As mensagens trocadas entre Jair Bolsonaro e o filho Eduardo são de natureza exclusivamente privada ou invadem o interesse público? Após a divulgação daquela troca de gentilezas entre os dois, bolsonaristas recorreram à seguinte linha de defesa: a Polícia Federal divulgou conversas íntimas, que nada têm a ver com as investigações sobre a gangue dos golpistas. Jair e Duda trataram de assuntos típicos da vida particular.
Não parou por aí. O governador de São Paulo, Tarcísio de Freitas, foi ainda mais específico ao tratar do caso com uma brandura desconcertante. “Não entendi por que divulgaram isso. É uma conversa privada entre pai e filho, uma conversa normal”, garantiu o “bolsonarista moderado”. Mas foi isso o que aconteceu? De jeito maneira.
Eduardo e o papai estavam num debate sobre processos na Justiça, trama golpista, anistia para condenados e táticas para tumultuar o julgamento no STF. Além disso, falavam sobre as ações do presidente do Estados Unidos, aquele que pretende impor ao Brasil suas vontades de tiranete. São assuntos graves, de interesse do país.

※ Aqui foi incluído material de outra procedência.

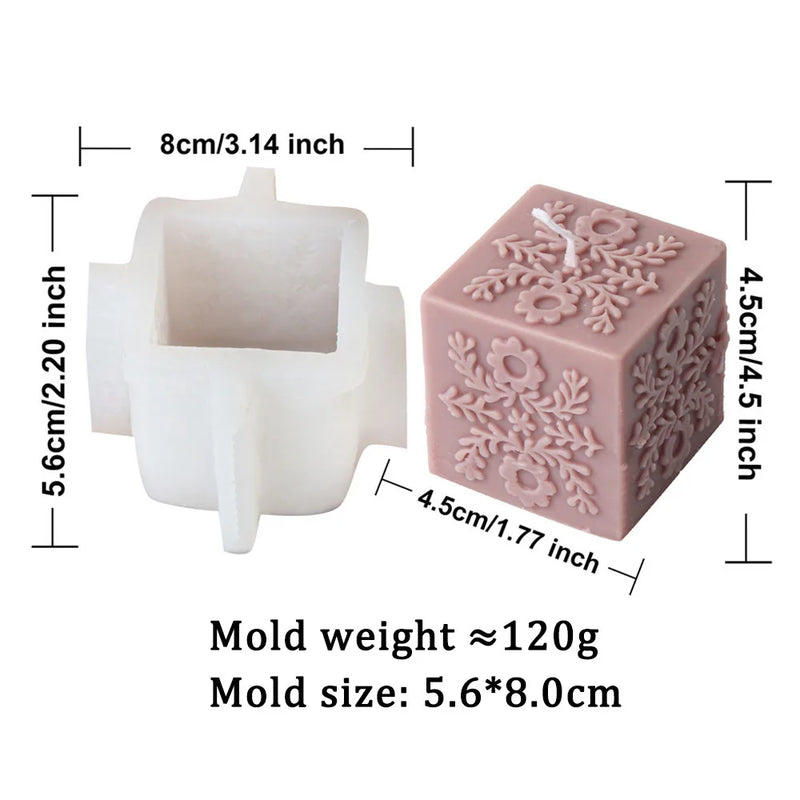 Square Totem Pattern Candle Mold for Home Decor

O mais engraçado é a tentativa de amenizar os termos com os quais pai e filho se tratam. “Uma conversa normal”!!! É assim que os cidadãos de bem do bolsonarismo dialogam no escurinho do lar? É assim que mostram respeito às suas famílias? Que coisa esquisita! Com a palavra, Cabo Bebeto, Leonardo Dias, Fábio Costa e Alfredo Gaspar.
“VTNC, seu ingrato do caralho” é uma tradução perfeita dessa gente. Desmoraliza o discurso hipócrita de pessoas que se dizem polidas e vivem a denunciar a “esquerda degenerada”. Mais importante: a indignação do deputado fujão com o pai decorre de suas desavenças quanto a estratégias de ação política contra o Brasil. O resto é piada.

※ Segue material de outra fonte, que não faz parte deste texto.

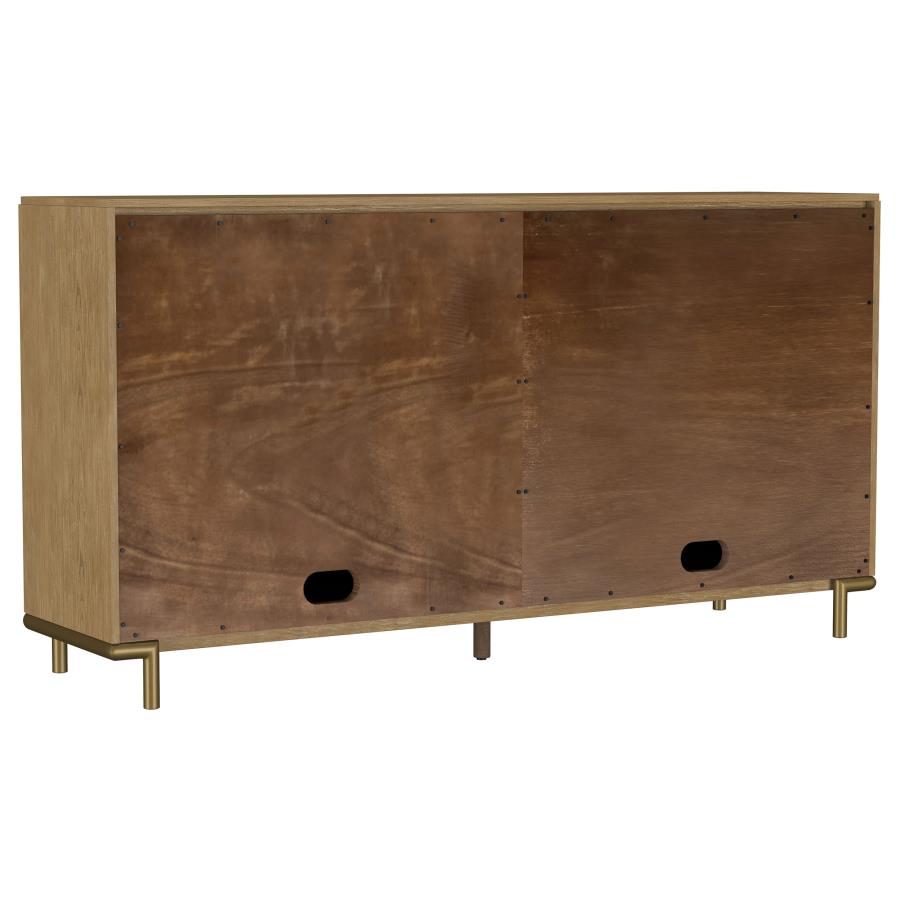 Arini 2-drawer Cane Door Dining Sideboard Server Sand Wash view 7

As expressões e a forma das mensagens revelam um ambiente deletério. Não há respeito nem pelas instituições nem pelos indivíduos. Eduardo chega a dizer que não importa que o país se ferre – se é o preço para que sua família se dê bem, paciência. As falas expõem métodos mafiosos daqueles que tudo fazem em nome dos seus. É uma vasta tradição.
Público e privado são conceitos amplamente estudados na literatura brasileira. Tirante Jessé Souza – que acha que inventou as ciências sociais –, Sérgio Buarque de Holanda, Raimundo Faoro, Marilena Chauí, Roberto da Matta e Eduardo Gianetti, entre outros, esmiuçaram as relações entre essas duas categorias na vida brasileira.
Mas isso é muita erudição para o que se vê nas “conversas normais entre pai e filho” – entre o capitão e o traidor da pátria. Além do mais, a PF não divulgou uma troca de receitas nem observações de pai e filho sobre os netinhos. Quem insinua algo assim é o descarado governador paulista e outros por aí. É a escória em estado bruto.